Jakarta –
Para bos di Lion Air Group pernah bersuara terkait kenaikan PPN menjadi 12 persen. Kata mereka, yang pasti mengikuti aturan, kenaikan itu pasti mempengaruhi harga tiket pesawat dan daya beli masyarakat.
Kenaikan PPN tersebut rencananya akan dilaksanakan pada 1 Januari 2025. Adapun kebijakan ini telah ditetapkan pada Undang-Undang Nomor 7 Tahun 2021 tentang Harmonisasi Peraturan Perpajakan (UU HPP).
Menanggapi hal tersebut Presiden Direktur Lion Group, Capt.
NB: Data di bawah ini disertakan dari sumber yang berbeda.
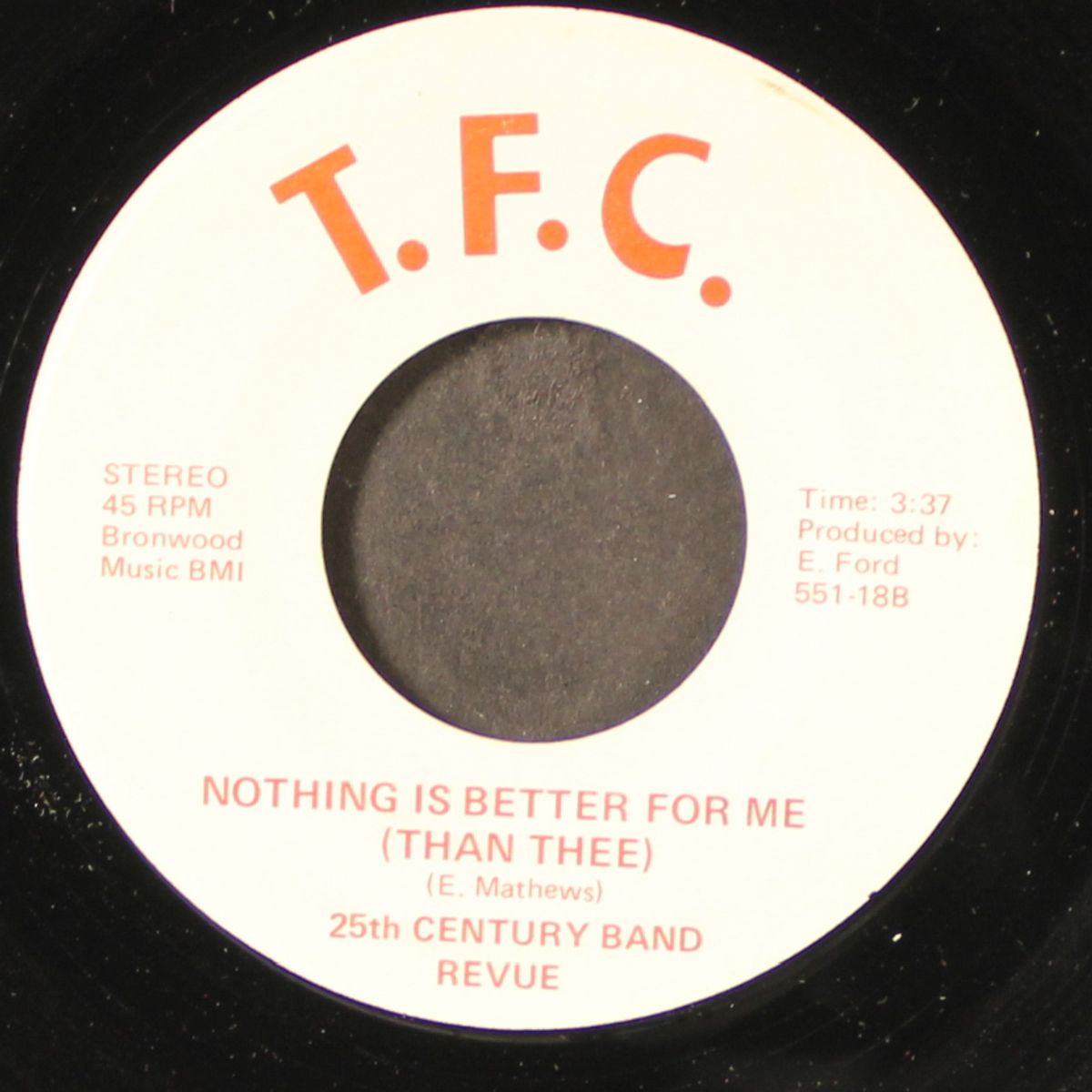 nothing is better for me / peacock by 25TH CENTURY BAND REVUE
Daniel Putut Kuncoro Adi, menyebut bahwa hal ini juga tentunya mempengaruhi daya beli di industri penerbangan.
“Kita kembalikan ke kompensasi lah antara manfaatnya, antara penerimaan pajak dan manfaatnya sebetulnya. Karena ini mempengaruhi harga, otomatis mempengaruhi daya beli,” kata Daniel saat diwawancarai di Gedung Perkantoran Lion Group di Balaraja, Rabu (20/3/2024).
Kendati kenaikan hanya dilakukan satu persen, tetapi hal itu juga bisa menjadi tantangan tersendiri bagi daya beli masyarakat Indonesia.
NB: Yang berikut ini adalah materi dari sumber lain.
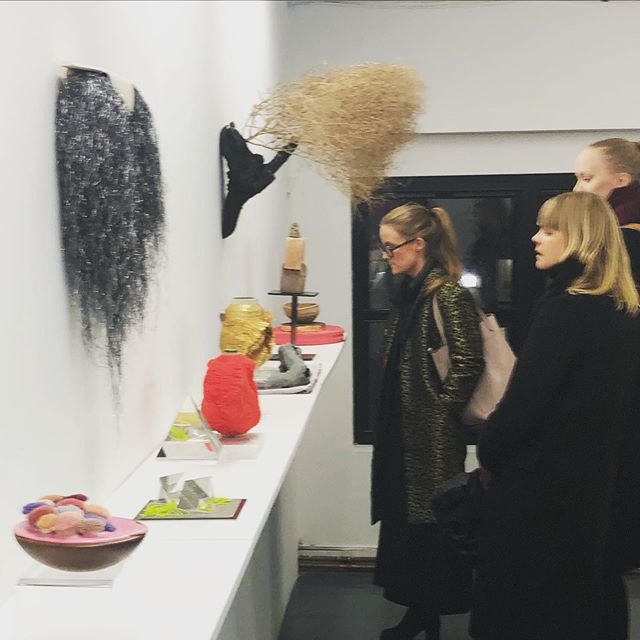 Gallery sitting for my show &ldquo;Memories Are Starting Points&rdquo; curated by Melissa Staiger today @underdonk from 1-6pm. Stop by and say hello! #underdonk #melissastaiger #contemporaryart #sculptures #nature #fiber #thread 
#beatricewolert #bea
“Dengan 1 persen saja berarti sudah mempengaruhi, dari 11 persen jadi tambah 1 persen, daya beli masyarakat sendiri apa sudah sampai ke situ. Tapi namanya kebijakan pemerintah sekali lagi kita sampaikan kita harus comply,” dia menambahkan.
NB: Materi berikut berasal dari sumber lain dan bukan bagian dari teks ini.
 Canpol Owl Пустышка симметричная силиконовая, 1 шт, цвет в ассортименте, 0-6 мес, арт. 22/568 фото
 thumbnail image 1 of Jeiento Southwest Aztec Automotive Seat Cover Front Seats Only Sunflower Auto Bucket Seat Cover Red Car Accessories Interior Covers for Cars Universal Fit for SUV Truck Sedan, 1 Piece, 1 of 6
Ia berkaca dari pengalaman kenaikan PPN yang baru saja bergeser dari 10 persen ke 11 persen. “Ya dampaknya semua teriak harga tiket pesawat,” katanya.
Di sisi lain, kendati peraturan telah disusun sejak lama, pemerintah menyebut tengah memantau perkembangan terkini.
“Kajian akan terus kami jalankan, dan transisi pemerintah juga akan terjadi, jadi kami juga menunggu,” ujar Direktur Jenderal Pajak Kementerian Keuangan Suryo Utomo saat Rapat Kerja dengan Komisi XI DPR RI di Jakarta, Selasa, dikutip dari Antara, Kamis (21/3/2024).
Di sisi lain, jika wacana kenaikan pajak menjadi 12 persen dilakukan, maka Indonesia akan menyamai Filipina sebagai negara dengan PPN tertinggi di kawasan Asia Tenggara.
“Artinya kalau (PPN) kita jadi di 12 persen, akan jadi yang tertinggi. Apalagi kalau menggunakan skema single tarif ya, ini yang tentu akan memberatkan konsumen yang 95 persen pendapatannya digunakan untuk membeli kebutuhan pokok,” kata Peneliti Pusat Industri Perdagangan dan Investasi Indef Ahmad Heri Firdaus, dikutip dari Antara.
Selain Filipina yang 12 persen, negara lain seperti Kamboja, Laos, menerapkan pajak sebesar 10 persen. Untuk Vietnam, mereka punya skema two tier system sebesar 10 persen dan 5 persen.